Thursday, July 23, 2009

UK Sex Offenders Can Be Removed from Registry

dailymail.co.uk : Sex offenders to get names wiped off register if they no longer pose threat.

Even the British have gotten it right before we have...

Sex offenders who no longer pose a threat to society will be given the chance to wipe the slate clean and have their names removed from the police database, the Court of Appeal ruled today.

The Home Office had been attempting to overturn an earlier High Court ruling that placing people on the sex offenders register for life with no chance of review breaches their human rights.

Today's landmark decision comes as a serious blow to the Government as it attempts to keep tabs on paedophiles and other sex criminals.

Three judges at the Court of Appeal in London ruled that the human rights of a two sex offenders, including an 11-year-old rapist, had been violated.

That was because they had been put on the Sex Offenders Register for life, with all the heavy restrictions on their liberty that that entails, without any possibility of review. (...Just like it is here in the USA).

While recognising the vital importance of the Register in the fight against sex crime, Lord Justice Dyson said it was 'disproportionate' to keep an offender's name on it forever, even after it can 'confidently be said' that they pose no further threat to the public.

The court's ruling that placing sex offenders on the Register indefinitely, without any prospect of review, is 'incompatible' with the European Convention on Human Rights will almost certainly force Parliament's hand into changing the law.

Once that happens, thousands of sex offenders will be able to demand reviews of their cases and that their names be removed from the Register and police databases.

Lord Justice Dyson, sitting with Lords Justices Kay and Hooper, said they were sensitive to public concerns and were not putting the interests of offenders ahead of those of the victims.

'All right-minded people would applaud Parliament's objective in establishing the register to help police detect and prevent sexual offending,' he said.

'But a scheme which obliges offenders who are sentenced to 30 months' detention or more to remain on the register for the rest of their lives without any possibility of review, even if they can clearly demonstrate that they are no longer a risk, does nothing to promote that laudable objective and, in our view, it is disproportionate for that reason.'

It was for Parliament to decide 'how high to set the bar' which an offender would be required to cross in order to prove he was no longer a risk.

JF, now 17, was convicted of two offences of rape of a child under 13 and other sexual offences. He was aged 11 at the time of the assaults.
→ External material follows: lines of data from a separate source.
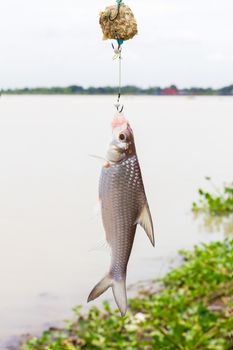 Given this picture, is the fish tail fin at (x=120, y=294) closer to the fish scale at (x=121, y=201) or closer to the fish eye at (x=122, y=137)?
the fish scale at (x=121, y=201)

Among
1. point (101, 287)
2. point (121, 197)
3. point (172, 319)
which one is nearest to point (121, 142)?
point (121, 197)

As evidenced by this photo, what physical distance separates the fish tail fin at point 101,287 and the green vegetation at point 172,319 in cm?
249

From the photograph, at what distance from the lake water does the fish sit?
50 millimetres

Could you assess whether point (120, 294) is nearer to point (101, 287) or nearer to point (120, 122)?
point (101, 287)

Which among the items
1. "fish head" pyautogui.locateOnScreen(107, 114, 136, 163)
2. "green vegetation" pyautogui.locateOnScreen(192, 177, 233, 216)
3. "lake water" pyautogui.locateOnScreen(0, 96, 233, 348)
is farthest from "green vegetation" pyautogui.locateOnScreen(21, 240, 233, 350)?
"fish head" pyautogui.locateOnScreen(107, 114, 136, 163)

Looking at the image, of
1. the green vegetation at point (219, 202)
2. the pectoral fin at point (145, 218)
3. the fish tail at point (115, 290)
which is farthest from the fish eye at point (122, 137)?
the green vegetation at point (219, 202)

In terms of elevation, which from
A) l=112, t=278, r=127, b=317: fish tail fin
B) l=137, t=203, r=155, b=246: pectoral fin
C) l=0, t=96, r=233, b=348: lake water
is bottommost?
l=0, t=96, r=233, b=348: lake water

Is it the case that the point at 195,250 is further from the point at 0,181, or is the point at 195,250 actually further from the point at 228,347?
the point at 0,181

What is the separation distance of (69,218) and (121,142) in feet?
21.2

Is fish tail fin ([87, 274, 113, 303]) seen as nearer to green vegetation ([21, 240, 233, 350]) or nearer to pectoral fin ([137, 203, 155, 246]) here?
pectoral fin ([137, 203, 155, 246])

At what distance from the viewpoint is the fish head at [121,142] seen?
185 cm

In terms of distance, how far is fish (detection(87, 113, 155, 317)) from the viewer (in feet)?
6.06

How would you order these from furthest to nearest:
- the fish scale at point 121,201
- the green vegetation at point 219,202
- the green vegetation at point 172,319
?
the green vegetation at point 219,202 < the green vegetation at point 172,319 < the fish scale at point 121,201

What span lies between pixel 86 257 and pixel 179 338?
2.66 m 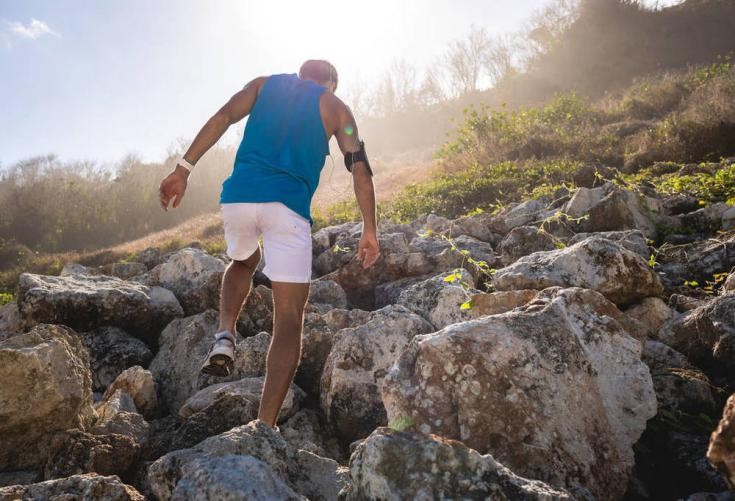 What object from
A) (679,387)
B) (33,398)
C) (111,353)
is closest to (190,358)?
(111,353)

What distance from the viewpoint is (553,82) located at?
1105 inches

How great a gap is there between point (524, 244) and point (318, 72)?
265 centimetres

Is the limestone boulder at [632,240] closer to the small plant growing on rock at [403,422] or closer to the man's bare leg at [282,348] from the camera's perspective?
the man's bare leg at [282,348]

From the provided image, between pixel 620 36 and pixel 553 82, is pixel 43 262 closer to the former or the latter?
pixel 553 82

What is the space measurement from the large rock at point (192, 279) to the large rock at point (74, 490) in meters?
2.94

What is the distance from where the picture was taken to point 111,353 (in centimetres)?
398

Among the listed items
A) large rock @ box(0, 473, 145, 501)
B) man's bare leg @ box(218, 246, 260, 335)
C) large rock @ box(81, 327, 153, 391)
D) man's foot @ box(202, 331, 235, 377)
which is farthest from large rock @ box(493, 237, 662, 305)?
large rock @ box(81, 327, 153, 391)

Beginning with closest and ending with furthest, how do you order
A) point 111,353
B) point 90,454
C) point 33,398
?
1. point 90,454
2. point 33,398
3. point 111,353

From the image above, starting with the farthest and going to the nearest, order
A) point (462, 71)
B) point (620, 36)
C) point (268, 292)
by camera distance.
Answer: point (462, 71) < point (620, 36) < point (268, 292)

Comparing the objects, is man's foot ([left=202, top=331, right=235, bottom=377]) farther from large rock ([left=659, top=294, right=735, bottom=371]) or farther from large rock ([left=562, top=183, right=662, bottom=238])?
large rock ([left=562, top=183, right=662, bottom=238])

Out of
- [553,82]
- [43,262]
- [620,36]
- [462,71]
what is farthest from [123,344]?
[462,71]

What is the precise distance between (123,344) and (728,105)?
12178mm

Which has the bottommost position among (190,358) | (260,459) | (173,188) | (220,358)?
(190,358)

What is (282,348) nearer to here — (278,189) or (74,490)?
(278,189) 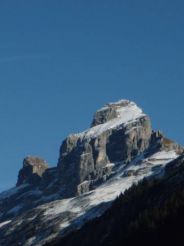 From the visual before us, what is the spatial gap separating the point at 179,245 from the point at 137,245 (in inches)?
681

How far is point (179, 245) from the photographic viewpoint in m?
184

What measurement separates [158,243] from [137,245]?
6.10 metres

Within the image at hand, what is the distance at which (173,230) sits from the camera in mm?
196750

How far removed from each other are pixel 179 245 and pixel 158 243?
11.7 m

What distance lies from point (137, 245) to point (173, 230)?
8704mm

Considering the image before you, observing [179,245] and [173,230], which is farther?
[173,230]

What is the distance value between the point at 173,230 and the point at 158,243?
15.3 ft

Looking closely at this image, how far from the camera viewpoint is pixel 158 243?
195m

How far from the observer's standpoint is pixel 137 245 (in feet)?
653

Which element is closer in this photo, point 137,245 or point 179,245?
point 179,245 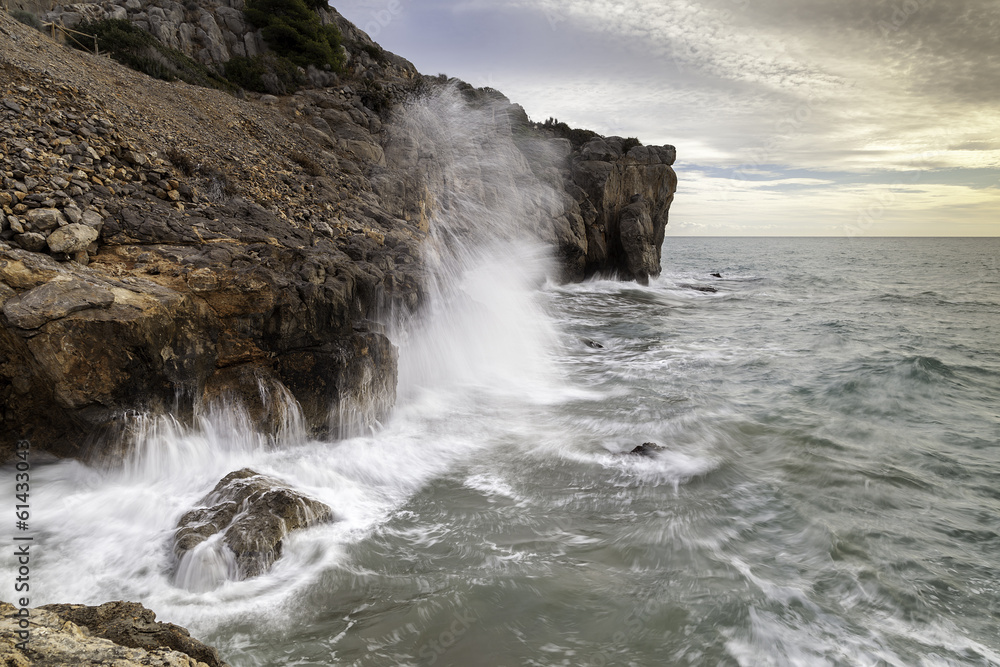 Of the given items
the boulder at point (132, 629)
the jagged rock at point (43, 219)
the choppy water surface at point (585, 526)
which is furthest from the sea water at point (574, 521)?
the jagged rock at point (43, 219)

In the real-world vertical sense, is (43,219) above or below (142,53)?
below

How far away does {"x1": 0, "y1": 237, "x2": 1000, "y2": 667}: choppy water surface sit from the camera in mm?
4863

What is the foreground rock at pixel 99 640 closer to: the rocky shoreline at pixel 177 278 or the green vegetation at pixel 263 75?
the rocky shoreline at pixel 177 278

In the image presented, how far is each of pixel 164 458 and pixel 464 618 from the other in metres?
4.69

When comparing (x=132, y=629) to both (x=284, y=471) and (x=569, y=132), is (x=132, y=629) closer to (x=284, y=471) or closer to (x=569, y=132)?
(x=284, y=471)

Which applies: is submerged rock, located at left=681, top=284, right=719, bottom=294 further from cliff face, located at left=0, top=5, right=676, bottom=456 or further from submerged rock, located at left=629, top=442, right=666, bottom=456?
submerged rock, located at left=629, top=442, right=666, bottom=456

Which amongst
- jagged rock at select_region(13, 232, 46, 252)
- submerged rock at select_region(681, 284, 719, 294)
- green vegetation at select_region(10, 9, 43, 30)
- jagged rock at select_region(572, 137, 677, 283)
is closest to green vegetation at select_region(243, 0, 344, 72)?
green vegetation at select_region(10, 9, 43, 30)

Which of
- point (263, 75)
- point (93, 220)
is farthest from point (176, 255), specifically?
point (263, 75)

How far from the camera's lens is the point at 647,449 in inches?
351

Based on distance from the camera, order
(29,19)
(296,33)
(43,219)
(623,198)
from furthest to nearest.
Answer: (623,198) → (296,33) → (29,19) → (43,219)

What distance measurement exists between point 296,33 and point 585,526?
23.9 m

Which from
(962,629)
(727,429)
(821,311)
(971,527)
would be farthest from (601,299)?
(962,629)

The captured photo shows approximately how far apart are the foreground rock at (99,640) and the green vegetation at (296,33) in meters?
23.2

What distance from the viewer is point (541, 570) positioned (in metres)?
5.75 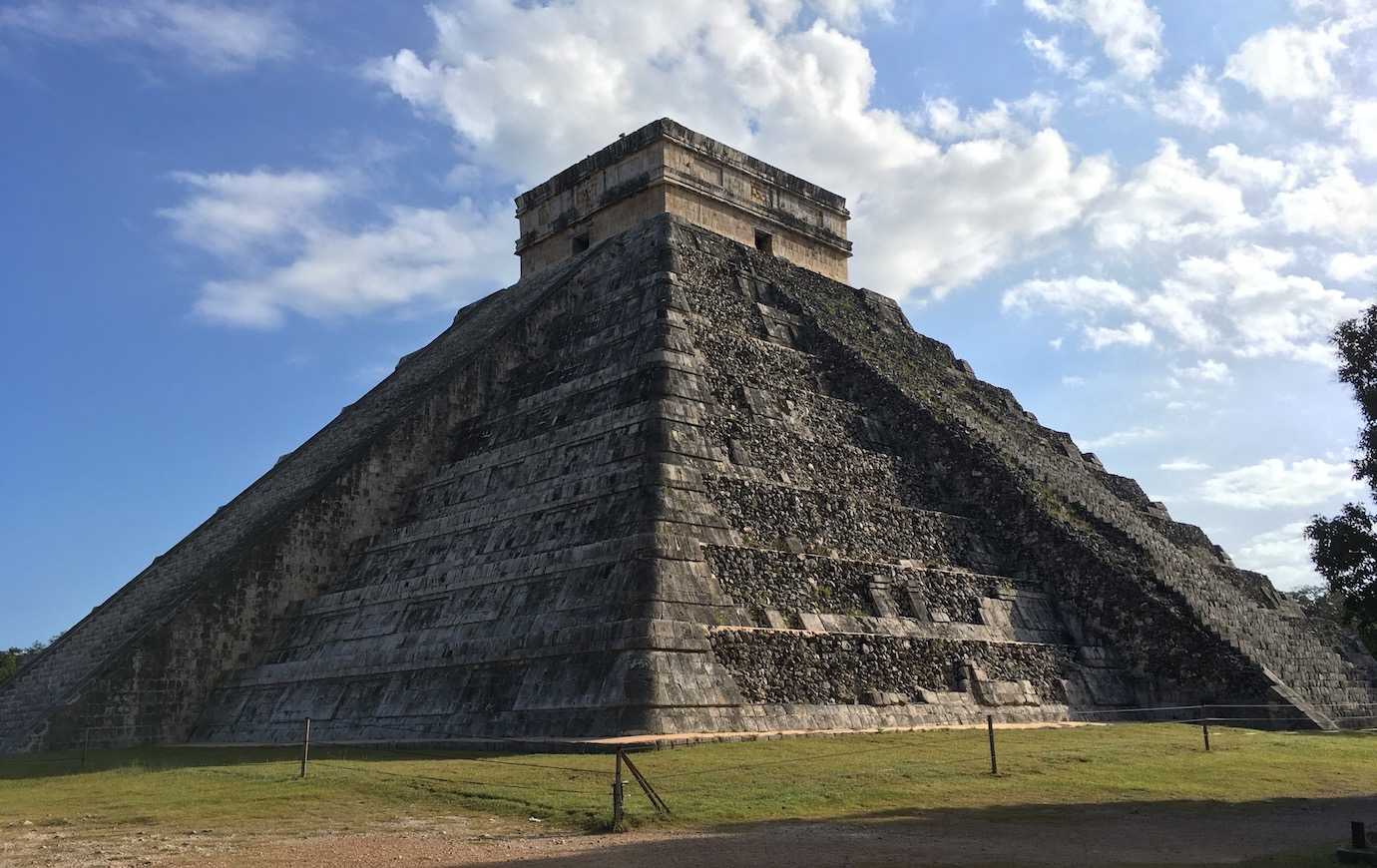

In October 2005 he was sentenced to 30 months' detention by Liverpool Crown Court and released on licence in January 2007. Thompson, from Newcastle Upon Tyne, was sentenced in November 1996 to five years' imprisonment on two counts of indecent assault on a female and other offences of actual bodily harm. Since being released in April 2000 he has not been in any trouble and is now in poor health after a series of heart attacks.

The Home Office said it would seek to challenge today's judgment in the Supreme Court, which takes over from the House of Lords as the UK's highest court in October.